Ma a Locri, non vi era un Antenato da ricordare, essendo una Comunità in formazione. Certo, il fatto che il patronimico fosse dato ai figli dalle Donne non era di impedimento e, anzi, l’esistenza dell’Istituto si spiega in funzione della madrilinearità. Per gli uomini, di impedimento era l’origine servile dei Locresi e la certezza che da Locri Opuntia fino a Kramatia il viaggio era stato una fuga. E la stessa mancanza di Penati da portare dietro, deponeva per una società svincolata da precedenti. Il mito dell’Ecista Evanto è solo un mito e basta, costruito solo in data postuma.
Se dunque non si può negare il chiaro riferimento delle tabelle al Fratarkos (o fatarkos) occorre spiegare la ragione e questa non può che consistere nell’origine micenea delle leggi locresi, in un retaggio antico dei tre popoli che componevano Locri (Locri Opuntia – Siracusani – Partheni) e sulla devozione per il Basileus che hanno dato origine alle stirpi.
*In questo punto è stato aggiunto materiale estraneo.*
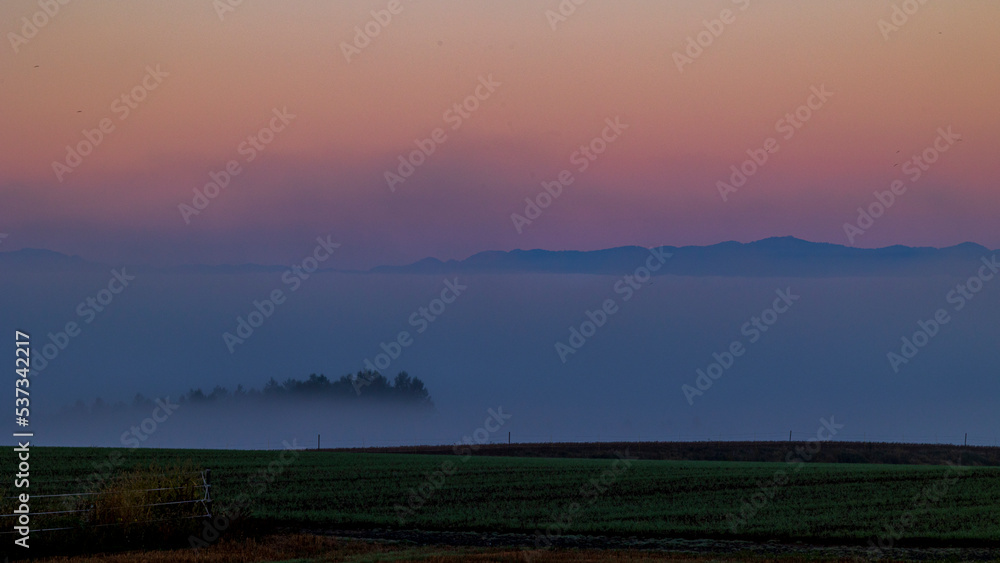 Obraz premium 雲海と山のシルエット ビーナスベルト 北海道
Basti ricordare la venerazione che i Locresi avevano per Aiace Oileo, tanto che alla battaglia della Sagra si sostiene sia stato proprio lui a condurre alla vittoria contro i Krothoniati. Come pure la presenza del simbolo del leone, riportato anche nel mobilio, dove i piedi venivano cesellati a forma di zampa di leone.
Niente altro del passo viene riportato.